Diego Sánchez: Ein Krimi klärt auf. Sieht hinter die Kulissen. Enthüllt das bisher Unsagbare. Weist auf die Abgründe und Risse gerade in einer so entwickelten Gesellschaft wie unserer hin. Eigentlich sollte es uns allen wunderbar gehen: viele von uns haben sichere Einkommen, ein schönes Haus oder eine nette Wohnung, können mehrmals pro Jahr in den Urlaub fahren - die Mehrheit von uns lebt in sicheren, privilegierten Verhältnissen. Und trotzdem sind viele von uns todunglücklich, von tausenden Ängsten zerfressen, von ihren persönlichen Dämonen bedroht. Gerade unter den sogenannten reichen Menschen gibt es die größten Ängste und Depressionen, die oft mit Tabletten und Alkohol weggespült werden. Unter der schönen, erfolgreichen Oberfläche klaffen Abgründe, die ich in all meinen Krimis aufzuzeigen versuche.

Vielleicht lautet meine versteckte Botschaft so: wir sollten mehr aufeinander zugehen und uns weniger in narzisstischen Erfolgsfantasien verirren. Vielleicht würde dann unsere Welt etwas sinnvoller, ressourcenfreundlicher, empathischer werden. Daniel, Julia und Stevie sind in ihrem oberflächlichen Reichtum traurig, zynisch und isoliert. Dabei sollten sie doch glücklich sein. Warum sind wir es nicht? Was läuft in unserer Gesellschaft schief? Warum ist alles so brutal, zynisch, moralisch fragwürdig und gewalttätig geworden - als Autor habe ich vor allem Fragen parat: eine möglicherweise unbefriedigende, aber ehrliche Antwort.

Kriminetz: Wie zauberst du dich am Schreibtisch innerlich von Andalusien nach Wien, wo du lebst?

Diego Sánchez: Es ist der mediterrane Lebensstil, der mich anzieht. Die eigene Leidenschaft ist dafür Feuer genug, ich selbst bin ziemlich ungeduldig und leicht cholerisch, kann nie mehr als einige Sekunden irgendwo anstehen und rede oft viel zu viel. Andererseits versinke ich oft in tiefstem, existenzialistischem Schweigen.

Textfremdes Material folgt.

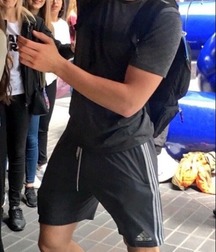 Guys in shorts 3 5fe8fc63b8c9e.jpg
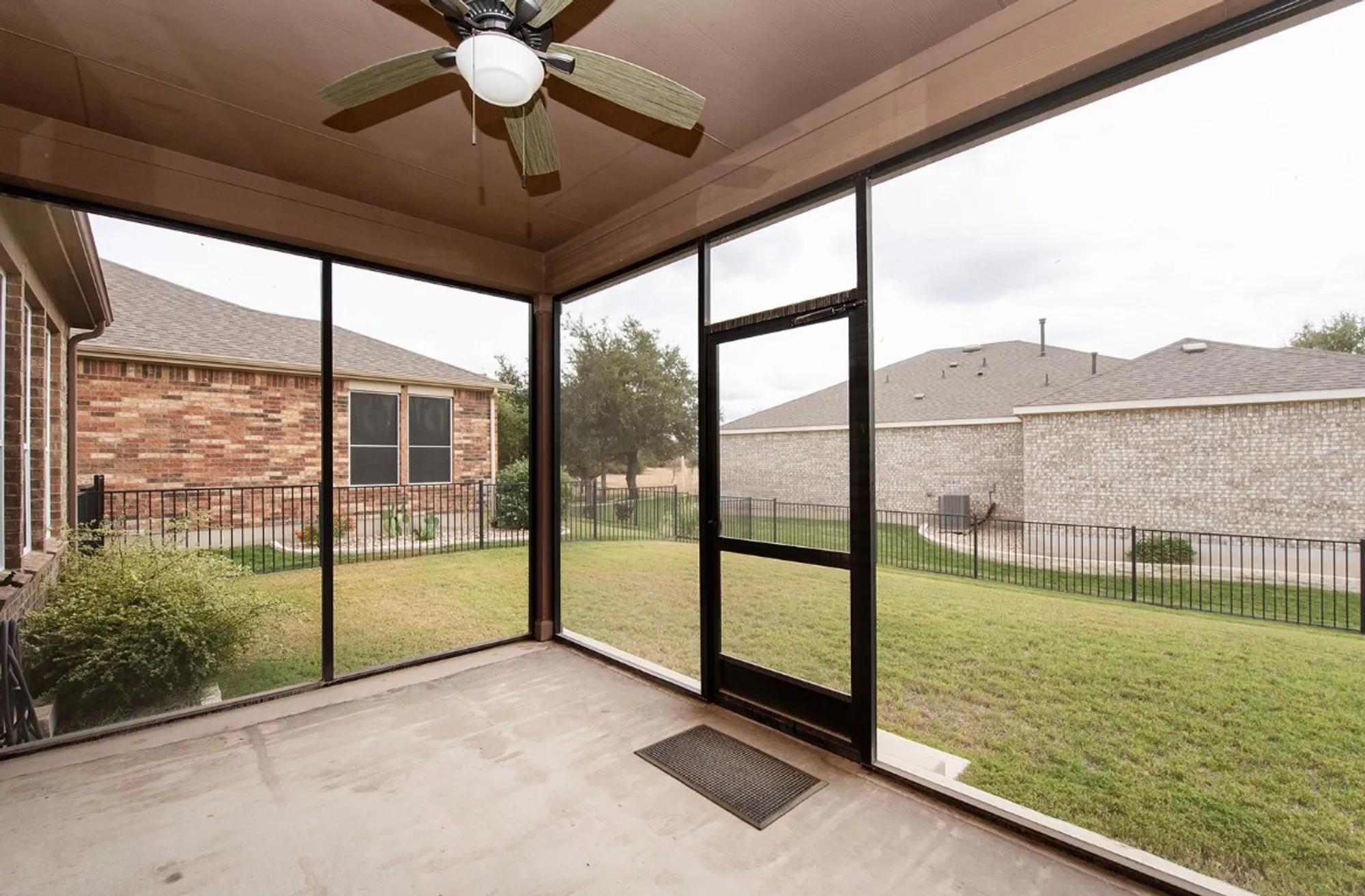 Property Slideshow image 21 of 33 | 200 longview ln, Georgetown, TX, 78633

Dazu kommt ein eigenartiger Hang zu Übertourismus-Orten wie Ischgl oder Lech. Oder eben Torremolinos, als eine mediterrane Gay-Version davon. Diese Orte sind Zerrspiegel unserer erodierenden Gesellschaft. Und damit setze ich mich intensiv auseinander. Auch aus einer Distanz von 2500 Kilometern.

Der Surrealismus als Lebenshaltung gegen überkommene traditionelle Normen und ganz besonders Federico Garcia Lorca faszinieren mich ebenso sehr. Ein Gedicht dieses spanischen Lyrikers ist wie ein Kurzaufenthalt in Andalusien. Und ein Gläschen Sherry - möglichst Oloroso wie ihn Comisario Pedro Jiménez (sein Name ist der einer Sherry Rebsorte) bevorzugt - hilft auch dabei…

Kriminetz: Darf ich annehmen, du kannst sicher Flamenco tanzen?

Diego Sánchez: Leider bin ich ein schlechter Tänzer und beherrsche nicht einmal - eine Schande für jemanden, der seit 40 Jahren in Wien lebt - den Linkswalzer. Aber ich schaue guten Tänzern sehr gerne zu. Besonders bei Flamenco-Aufführungen, wo es um das Betören, Verführen und Erobern geht, in wilden Rhythmen, lauten Gesängen und minimalistischen Gitarrenläufen, während draußen ein blutroter Mond über einer kargen Landschaft leuchtet - und irgendwo vielleicht noch ein Wolf heult. Das ist der Süden - der mich seit Jahrzehnten fasziniert und erleuchtet. Ich hoffe, die Leser:innen können diese Leidenschaft mit mir teilen.

Vielen Dank für die klugen Fragen, liebe Claudia Schmid.

Selfie mit Gert Weihsmann alias Diego Sánchez und Claudia Schmid bei der Criminale des Syndikats in Schwetzingen.